After first hearing of the proposal last month, City of Warren administration and the city Planning Commission continue to examine the potential options for a Gateway Renaissance project on Pennsylvania Avenue E.

Looking at work done in the past on this issue, City Planner David Hildebrand proposed a new Residential Limited Business (RLB) district that would be “more user friendly for the community.”

The focus of the east side effort a joint project including the Planning Commission, Redevelopment Authority and Street Landscape Committee is to enhance and beautify the area from the Conewango Creek to the Glade Bridge on Pennsylvania Avenue E.

The first step will be seeing what is already there.

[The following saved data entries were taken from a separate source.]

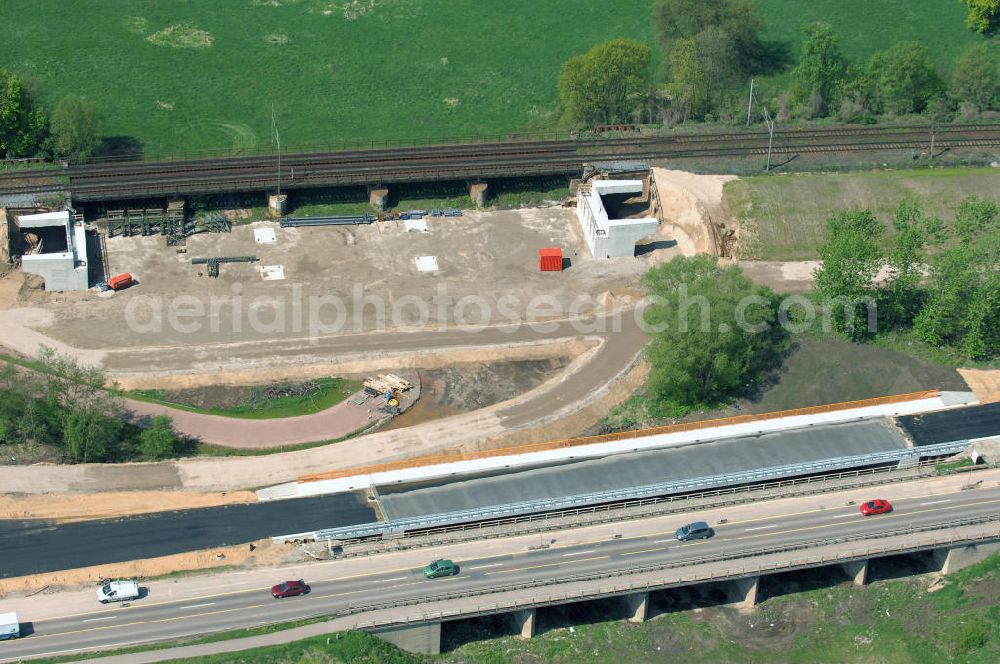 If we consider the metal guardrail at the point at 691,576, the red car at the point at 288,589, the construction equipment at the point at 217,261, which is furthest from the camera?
the construction equipment at the point at 217,261

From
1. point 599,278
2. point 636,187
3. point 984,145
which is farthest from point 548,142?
point 984,145

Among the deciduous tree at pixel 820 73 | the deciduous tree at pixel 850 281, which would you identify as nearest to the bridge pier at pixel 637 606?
the deciduous tree at pixel 850 281

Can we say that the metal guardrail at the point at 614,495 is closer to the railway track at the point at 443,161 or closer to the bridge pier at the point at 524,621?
the bridge pier at the point at 524,621

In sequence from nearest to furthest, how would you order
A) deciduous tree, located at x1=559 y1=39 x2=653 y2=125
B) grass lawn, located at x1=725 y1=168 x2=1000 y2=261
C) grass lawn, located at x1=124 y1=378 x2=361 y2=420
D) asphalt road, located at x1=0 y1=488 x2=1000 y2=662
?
asphalt road, located at x1=0 y1=488 x2=1000 y2=662
grass lawn, located at x1=124 y1=378 x2=361 y2=420
grass lawn, located at x1=725 y1=168 x2=1000 y2=261
deciduous tree, located at x1=559 y1=39 x2=653 y2=125

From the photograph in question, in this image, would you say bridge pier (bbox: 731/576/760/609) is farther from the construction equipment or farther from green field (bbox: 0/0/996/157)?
green field (bbox: 0/0/996/157)

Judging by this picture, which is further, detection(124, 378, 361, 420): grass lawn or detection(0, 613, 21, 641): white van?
detection(124, 378, 361, 420): grass lawn

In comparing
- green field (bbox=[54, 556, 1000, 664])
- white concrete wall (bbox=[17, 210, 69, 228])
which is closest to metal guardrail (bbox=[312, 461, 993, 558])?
green field (bbox=[54, 556, 1000, 664])

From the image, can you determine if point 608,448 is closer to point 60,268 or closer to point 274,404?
point 274,404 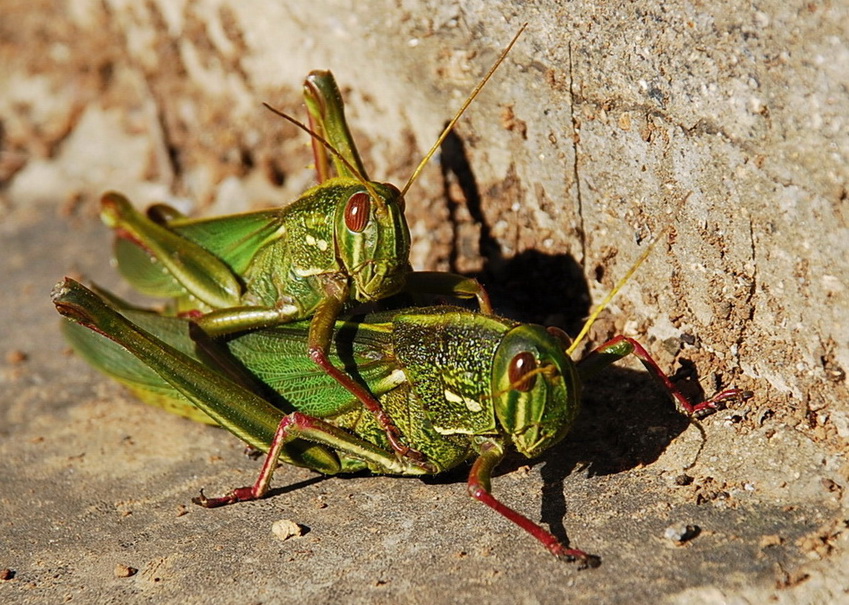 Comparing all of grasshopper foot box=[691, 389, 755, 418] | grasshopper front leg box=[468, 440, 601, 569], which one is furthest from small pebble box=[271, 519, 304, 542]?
grasshopper foot box=[691, 389, 755, 418]

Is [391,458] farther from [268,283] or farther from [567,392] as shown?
[268,283]

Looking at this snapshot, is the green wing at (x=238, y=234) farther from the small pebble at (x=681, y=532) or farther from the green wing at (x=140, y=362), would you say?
the small pebble at (x=681, y=532)

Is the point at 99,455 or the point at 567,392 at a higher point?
the point at 567,392

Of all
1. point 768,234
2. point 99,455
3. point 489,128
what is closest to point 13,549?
point 99,455

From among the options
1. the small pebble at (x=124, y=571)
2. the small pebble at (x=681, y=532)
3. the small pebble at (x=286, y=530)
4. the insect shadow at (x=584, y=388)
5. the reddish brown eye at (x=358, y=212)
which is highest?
the reddish brown eye at (x=358, y=212)

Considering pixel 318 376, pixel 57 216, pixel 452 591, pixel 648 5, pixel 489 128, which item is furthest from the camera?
pixel 57 216

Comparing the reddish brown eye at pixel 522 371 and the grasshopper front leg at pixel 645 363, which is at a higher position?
the reddish brown eye at pixel 522 371

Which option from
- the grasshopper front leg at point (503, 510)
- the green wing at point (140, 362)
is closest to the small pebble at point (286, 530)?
the grasshopper front leg at point (503, 510)

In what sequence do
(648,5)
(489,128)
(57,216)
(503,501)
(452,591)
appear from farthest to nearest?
(57,216)
(489,128)
(503,501)
(648,5)
(452,591)

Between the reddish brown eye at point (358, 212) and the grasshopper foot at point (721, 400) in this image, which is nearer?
the grasshopper foot at point (721, 400) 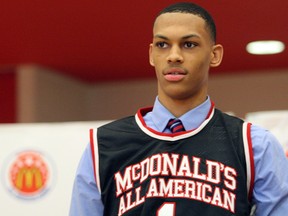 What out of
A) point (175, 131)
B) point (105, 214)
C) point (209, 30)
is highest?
point (209, 30)

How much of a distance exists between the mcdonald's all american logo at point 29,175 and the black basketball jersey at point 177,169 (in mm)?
1784

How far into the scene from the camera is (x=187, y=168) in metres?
1.43

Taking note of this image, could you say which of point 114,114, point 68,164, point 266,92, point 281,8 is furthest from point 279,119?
point 114,114

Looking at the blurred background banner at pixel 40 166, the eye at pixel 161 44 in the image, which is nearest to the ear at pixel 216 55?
the eye at pixel 161 44

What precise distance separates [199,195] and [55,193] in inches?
74.7

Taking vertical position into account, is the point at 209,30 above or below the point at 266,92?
below

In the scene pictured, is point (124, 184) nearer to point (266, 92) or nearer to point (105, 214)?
point (105, 214)

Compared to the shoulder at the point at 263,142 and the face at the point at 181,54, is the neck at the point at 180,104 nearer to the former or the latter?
the face at the point at 181,54

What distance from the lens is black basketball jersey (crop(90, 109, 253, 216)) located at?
4.64ft

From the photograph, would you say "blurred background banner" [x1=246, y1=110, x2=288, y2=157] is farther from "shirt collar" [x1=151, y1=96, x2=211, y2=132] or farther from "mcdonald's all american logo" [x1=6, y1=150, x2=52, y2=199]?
"shirt collar" [x1=151, y1=96, x2=211, y2=132]

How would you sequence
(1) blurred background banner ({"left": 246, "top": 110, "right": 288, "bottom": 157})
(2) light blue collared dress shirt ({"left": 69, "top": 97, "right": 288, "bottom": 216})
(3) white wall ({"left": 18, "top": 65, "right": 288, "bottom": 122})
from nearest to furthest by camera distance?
(2) light blue collared dress shirt ({"left": 69, "top": 97, "right": 288, "bottom": 216}) < (1) blurred background banner ({"left": 246, "top": 110, "right": 288, "bottom": 157}) < (3) white wall ({"left": 18, "top": 65, "right": 288, "bottom": 122})

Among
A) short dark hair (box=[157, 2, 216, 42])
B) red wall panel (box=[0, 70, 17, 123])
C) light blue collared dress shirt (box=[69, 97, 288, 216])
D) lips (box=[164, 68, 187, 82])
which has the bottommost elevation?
light blue collared dress shirt (box=[69, 97, 288, 216])

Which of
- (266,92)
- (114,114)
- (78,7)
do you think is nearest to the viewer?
(78,7)

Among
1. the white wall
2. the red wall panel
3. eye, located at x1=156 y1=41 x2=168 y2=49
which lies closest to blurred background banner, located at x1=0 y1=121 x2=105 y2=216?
eye, located at x1=156 y1=41 x2=168 y2=49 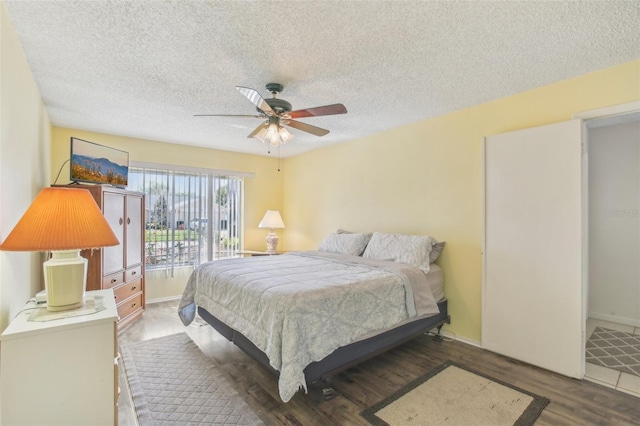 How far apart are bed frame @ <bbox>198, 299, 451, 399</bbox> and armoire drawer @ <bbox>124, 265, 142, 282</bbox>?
3.86ft

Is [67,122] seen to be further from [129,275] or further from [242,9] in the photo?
[242,9]

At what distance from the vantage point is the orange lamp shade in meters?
1.40

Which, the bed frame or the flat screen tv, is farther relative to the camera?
the flat screen tv

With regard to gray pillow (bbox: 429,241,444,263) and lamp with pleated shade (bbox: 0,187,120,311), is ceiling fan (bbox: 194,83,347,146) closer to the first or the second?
lamp with pleated shade (bbox: 0,187,120,311)

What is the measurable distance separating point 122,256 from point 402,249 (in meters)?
3.29

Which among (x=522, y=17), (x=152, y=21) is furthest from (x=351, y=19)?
(x=152, y=21)

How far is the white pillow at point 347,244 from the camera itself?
3883mm

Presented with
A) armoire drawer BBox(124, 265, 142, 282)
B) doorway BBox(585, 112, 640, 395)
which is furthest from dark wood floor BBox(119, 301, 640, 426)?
doorway BBox(585, 112, 640, 395)

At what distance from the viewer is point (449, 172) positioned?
337 centimetres

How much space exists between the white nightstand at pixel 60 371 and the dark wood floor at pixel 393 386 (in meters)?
0.69

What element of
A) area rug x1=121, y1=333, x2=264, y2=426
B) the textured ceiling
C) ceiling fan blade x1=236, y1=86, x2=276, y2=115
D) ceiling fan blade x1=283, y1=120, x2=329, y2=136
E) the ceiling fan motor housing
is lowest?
area rug x1=121, y1=333, x2=264, y2=426

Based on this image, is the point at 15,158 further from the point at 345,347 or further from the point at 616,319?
the point at 616,319

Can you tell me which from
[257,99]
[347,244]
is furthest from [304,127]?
[347,244]

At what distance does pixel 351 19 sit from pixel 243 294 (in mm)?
2089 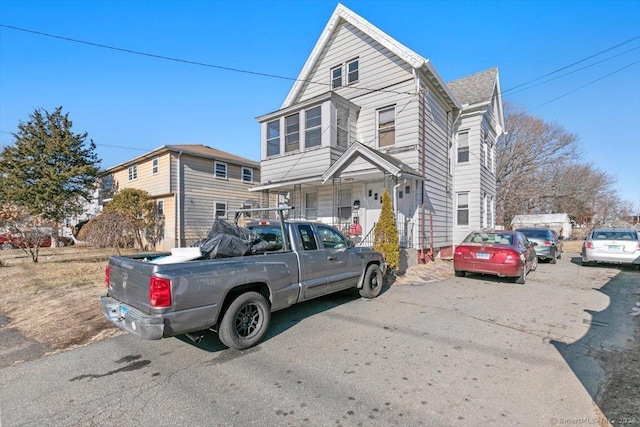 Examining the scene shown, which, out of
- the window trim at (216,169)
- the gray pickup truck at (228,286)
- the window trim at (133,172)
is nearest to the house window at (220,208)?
the window trim at (216,169)

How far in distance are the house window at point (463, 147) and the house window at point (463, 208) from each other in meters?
1.72

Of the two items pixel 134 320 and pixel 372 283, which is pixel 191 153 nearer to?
pixel 372 283

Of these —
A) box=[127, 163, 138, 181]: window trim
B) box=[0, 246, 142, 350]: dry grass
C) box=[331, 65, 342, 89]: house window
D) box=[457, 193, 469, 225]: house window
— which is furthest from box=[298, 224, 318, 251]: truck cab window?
box=[127, 163, 138, 181]: window trim

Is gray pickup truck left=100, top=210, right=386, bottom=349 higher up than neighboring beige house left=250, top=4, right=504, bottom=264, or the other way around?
A: neighboring beige house left=250, top=4, right=504, bottom=264

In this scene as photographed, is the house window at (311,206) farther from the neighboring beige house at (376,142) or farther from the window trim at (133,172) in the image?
the window trim at (133,172)

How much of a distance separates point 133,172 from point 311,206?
15.6 meters

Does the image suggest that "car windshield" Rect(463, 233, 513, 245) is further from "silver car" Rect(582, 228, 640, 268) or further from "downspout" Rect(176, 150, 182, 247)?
"downspout" Rect(176, 150, 182, 247)

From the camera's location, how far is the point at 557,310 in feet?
20.2

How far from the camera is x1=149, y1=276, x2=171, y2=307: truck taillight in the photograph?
3.50m

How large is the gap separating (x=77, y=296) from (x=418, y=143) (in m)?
11.1

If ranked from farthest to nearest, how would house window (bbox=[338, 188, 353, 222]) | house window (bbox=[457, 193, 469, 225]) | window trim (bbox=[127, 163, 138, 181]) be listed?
1. window trim (bbox=[127, 163, 138, 181])
2. house window (bbox=[457, 193, 469, 225])
3. house window (bbox=[338, 188, 353, 222])

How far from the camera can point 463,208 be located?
15.3 metres

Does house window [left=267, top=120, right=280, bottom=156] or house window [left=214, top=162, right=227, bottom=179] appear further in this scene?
house window [left=214, top=162, right=227, bottom=179]

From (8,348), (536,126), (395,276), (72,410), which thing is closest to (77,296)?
(8,348)
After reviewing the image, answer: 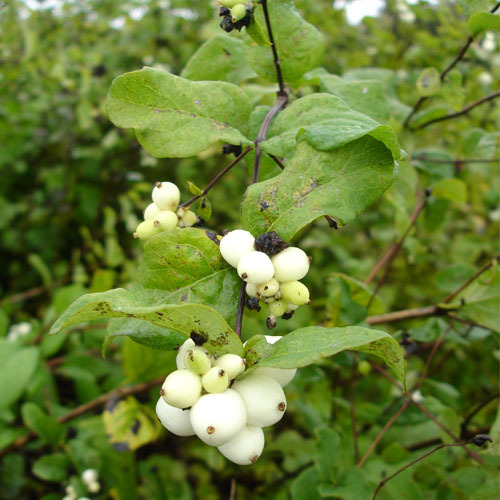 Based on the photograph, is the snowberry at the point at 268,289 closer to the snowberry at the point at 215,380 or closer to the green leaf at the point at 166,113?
the snowberry at the point at 215,380

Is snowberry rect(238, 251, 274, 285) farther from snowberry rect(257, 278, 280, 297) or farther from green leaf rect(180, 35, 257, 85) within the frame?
green leaf rect(180, 35, 257, 85)

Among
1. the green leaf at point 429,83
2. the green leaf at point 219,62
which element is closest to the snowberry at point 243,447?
the green leaf at point 219,62

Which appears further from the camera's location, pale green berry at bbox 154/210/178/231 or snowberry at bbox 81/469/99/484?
snowberry at bbox 81/469/99/484

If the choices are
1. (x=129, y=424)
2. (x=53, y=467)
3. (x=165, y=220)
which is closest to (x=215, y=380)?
(x=165, y=220)

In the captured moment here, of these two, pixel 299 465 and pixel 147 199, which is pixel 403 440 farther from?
pixel 147 199

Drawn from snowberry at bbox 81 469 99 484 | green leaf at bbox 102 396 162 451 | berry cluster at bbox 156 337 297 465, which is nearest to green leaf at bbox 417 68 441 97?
berry cluster at bbox 156 337 297 465

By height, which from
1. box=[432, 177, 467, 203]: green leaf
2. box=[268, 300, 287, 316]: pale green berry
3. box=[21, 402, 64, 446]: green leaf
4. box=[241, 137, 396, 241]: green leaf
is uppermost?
box=[241, 137, 396, 241]: green leaf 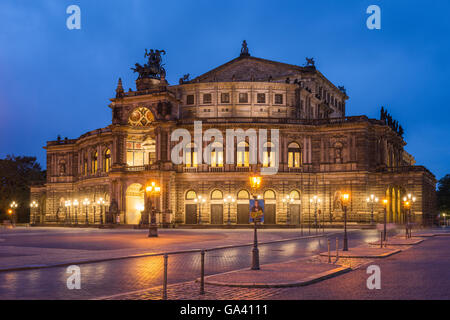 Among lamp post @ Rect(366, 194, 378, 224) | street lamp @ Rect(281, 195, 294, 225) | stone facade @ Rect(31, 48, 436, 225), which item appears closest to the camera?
lamp post @ Rect(366, 194, 378, 224)

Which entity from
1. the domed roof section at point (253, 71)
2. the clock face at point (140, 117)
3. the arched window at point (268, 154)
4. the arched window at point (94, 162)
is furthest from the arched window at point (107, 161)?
the arched window at point (268, 154)

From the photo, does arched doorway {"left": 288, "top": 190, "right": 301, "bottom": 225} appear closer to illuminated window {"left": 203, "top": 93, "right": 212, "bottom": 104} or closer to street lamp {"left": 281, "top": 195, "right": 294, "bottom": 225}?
street lamp {"left": 281, "top": 195, "right": 294, "bottom": 225}

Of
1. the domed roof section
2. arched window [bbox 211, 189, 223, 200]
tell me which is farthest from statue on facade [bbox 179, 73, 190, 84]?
arched window [bbox 211, 189, 223, 200]

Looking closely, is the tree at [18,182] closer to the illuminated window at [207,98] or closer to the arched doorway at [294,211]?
the illuminated window at [207,98]

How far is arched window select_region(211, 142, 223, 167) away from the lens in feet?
243

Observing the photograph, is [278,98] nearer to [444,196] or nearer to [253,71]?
[253,71]

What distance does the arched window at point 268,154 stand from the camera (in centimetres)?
7388

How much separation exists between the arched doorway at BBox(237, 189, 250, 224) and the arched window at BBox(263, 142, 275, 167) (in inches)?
201

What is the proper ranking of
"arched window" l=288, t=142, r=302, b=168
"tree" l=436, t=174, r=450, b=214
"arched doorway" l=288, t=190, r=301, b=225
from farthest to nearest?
"tree" l=436, t=174, r=450, b=214 → "arched window" l=288, t=142, r=302, b=168 → "arched doorway" l=288, t=190, r=301, b=225

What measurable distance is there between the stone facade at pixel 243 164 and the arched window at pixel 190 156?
0.70m

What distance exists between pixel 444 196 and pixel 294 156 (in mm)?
72452

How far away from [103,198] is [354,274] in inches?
2579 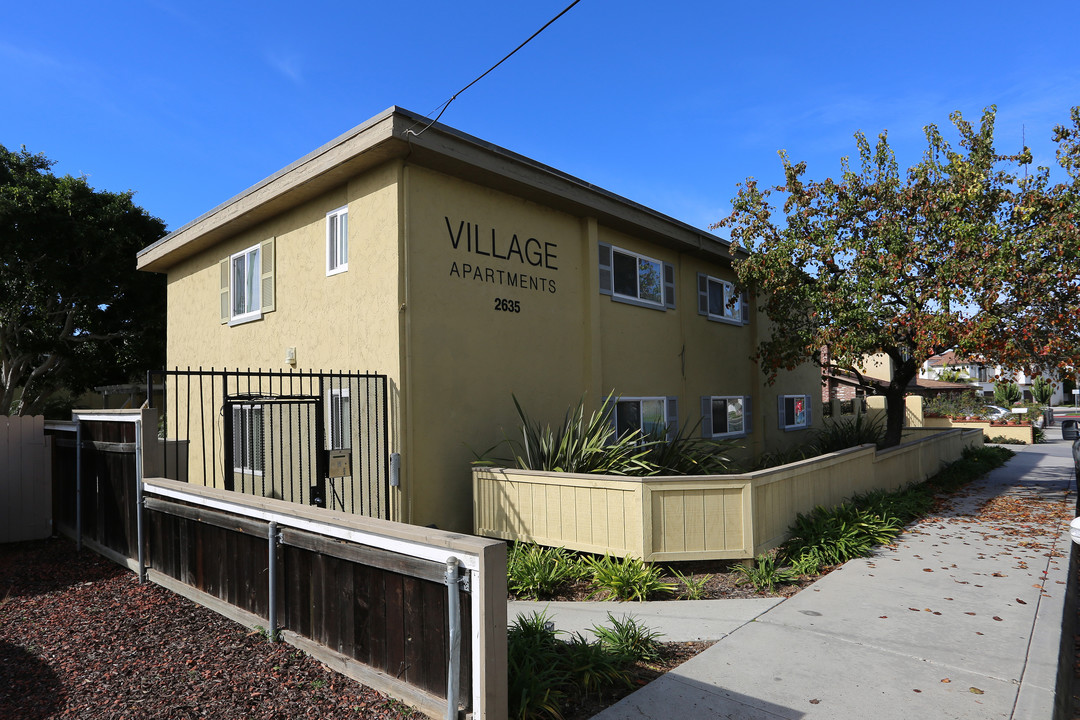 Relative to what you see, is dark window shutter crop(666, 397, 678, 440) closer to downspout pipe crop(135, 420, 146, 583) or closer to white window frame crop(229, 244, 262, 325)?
white window frame crop(229, 244, 262, 325)

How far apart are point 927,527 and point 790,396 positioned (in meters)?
8.11

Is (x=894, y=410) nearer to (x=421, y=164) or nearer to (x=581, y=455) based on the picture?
(x=581, y=455)

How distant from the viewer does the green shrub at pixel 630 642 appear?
197 inches

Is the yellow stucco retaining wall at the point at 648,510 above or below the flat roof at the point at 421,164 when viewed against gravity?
below

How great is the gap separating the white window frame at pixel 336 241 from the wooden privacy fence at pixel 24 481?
4.37m

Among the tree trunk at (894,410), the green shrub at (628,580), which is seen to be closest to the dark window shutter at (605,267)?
the green shrub at (628,580)

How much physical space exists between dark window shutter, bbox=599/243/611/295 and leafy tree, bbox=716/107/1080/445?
9.34 ft

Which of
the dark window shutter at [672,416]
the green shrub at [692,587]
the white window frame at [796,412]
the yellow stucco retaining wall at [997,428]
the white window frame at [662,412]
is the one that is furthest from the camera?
the yellow stucco retaining wall at [997,428]

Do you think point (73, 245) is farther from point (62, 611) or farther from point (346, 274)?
point (62, 611)

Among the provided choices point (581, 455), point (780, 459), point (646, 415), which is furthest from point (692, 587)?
point (780, 459)

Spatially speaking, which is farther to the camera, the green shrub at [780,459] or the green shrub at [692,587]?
the green shrub at [780,459]

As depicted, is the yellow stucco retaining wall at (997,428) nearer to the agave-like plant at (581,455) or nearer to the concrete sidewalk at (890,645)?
the concrete sidewalk at (890,645)

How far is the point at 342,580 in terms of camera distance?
4.44 meters

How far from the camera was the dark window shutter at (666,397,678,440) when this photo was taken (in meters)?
13.0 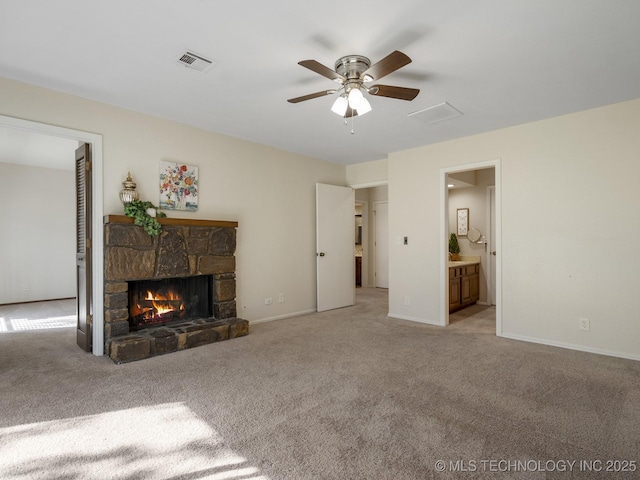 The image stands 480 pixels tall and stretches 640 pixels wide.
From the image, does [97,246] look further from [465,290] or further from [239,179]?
[465,290]

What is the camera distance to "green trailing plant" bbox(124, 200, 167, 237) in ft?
11.2

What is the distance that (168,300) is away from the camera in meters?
3.99

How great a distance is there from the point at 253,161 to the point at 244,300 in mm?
1849

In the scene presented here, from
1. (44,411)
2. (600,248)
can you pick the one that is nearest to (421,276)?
(600,248)

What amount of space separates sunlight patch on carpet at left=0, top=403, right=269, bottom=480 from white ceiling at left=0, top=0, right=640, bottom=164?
2448 mm

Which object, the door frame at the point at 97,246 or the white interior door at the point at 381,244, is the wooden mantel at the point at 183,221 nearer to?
the door frame at the point at 97,246

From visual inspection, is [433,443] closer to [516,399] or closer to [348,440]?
[348,440]

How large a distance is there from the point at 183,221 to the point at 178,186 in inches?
17.6

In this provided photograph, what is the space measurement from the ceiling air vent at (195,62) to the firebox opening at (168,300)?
2.28 metres

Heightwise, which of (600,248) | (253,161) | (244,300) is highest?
(253,161)

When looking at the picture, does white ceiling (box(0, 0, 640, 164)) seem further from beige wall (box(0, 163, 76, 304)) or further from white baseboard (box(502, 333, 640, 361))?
beige wall (box(0, 163, 76, 304))

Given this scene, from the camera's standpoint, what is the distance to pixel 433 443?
6.37 ft

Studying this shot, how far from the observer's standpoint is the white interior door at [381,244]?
8.15m

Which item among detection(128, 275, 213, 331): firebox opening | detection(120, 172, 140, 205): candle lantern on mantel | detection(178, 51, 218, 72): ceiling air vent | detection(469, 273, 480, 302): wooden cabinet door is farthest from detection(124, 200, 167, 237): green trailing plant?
detection(469, 273, 480, 302): wooden cabinet door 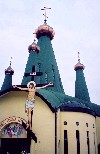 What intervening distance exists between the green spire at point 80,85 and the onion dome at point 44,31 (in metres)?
3.85

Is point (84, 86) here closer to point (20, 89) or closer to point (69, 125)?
point (69, 125)

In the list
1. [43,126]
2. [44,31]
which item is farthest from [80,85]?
[43,126]

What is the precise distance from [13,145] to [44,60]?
28.6 feet

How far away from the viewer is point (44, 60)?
65.7 feet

“The staff could work on more of a land parcel study of that whole stretch through there,” said Hildebrand. He said there are “some slopes and other problems in there” that have resulted in “a lot of houses (that) have gradually been removed by fires or blighted or demolished.”

The RLB zone “could better facilitate what is on Pennsylvania Avenue” by expanding what would be permitted in the area. “Maybe there are areas out there that are more office than commercial,” he said. “I think the timing is good to look at this type of zone. What are some of the best ways to enhance development over there?”

Studying the parcels would allow the city “to get a look at property changes out there,” said Hildebrand, expanding that the corridor could be broken into three or four segments for study purposes.

Commission Chairman Don Nelson asked why the RLB was not adopted in the past when explored. Hildebrand said “(city) council did not want to take it further (and) management at the time did not either.” He said that they have since taken components of the RLB district and “updated them gradually on our own.” The proposed district would be a hybrid of commercial and residential. “C2 (commercial) picks up a lot of what is in RLB,” said Hildebrand.

Commission member Greg Fraser asked if the techniques used to enhance the entrance to town on Market Street could be applied on the east side.

Hildebrand said the entrance from the north has been enhanced and maintained by permitting offices in Residential-3 districts but requiring that “architecture had to stay the same. Those houses have continued to maintain a residential look while a mixed” use. The “residential exterior with offices have been put together in such a way (that you) wouldn’t necessarily think of that as a heavy duty professional office.”

Fraser asked if such an approach is too late for the east side. “I would say it probably is on that,” said Hildebrand.

“I like the idea of the segmented approach (to) analyze sections separately to see if something is salvageable,” said Fraser, whose time on the commission ends in advance of taking a seat on Warren City Council next month.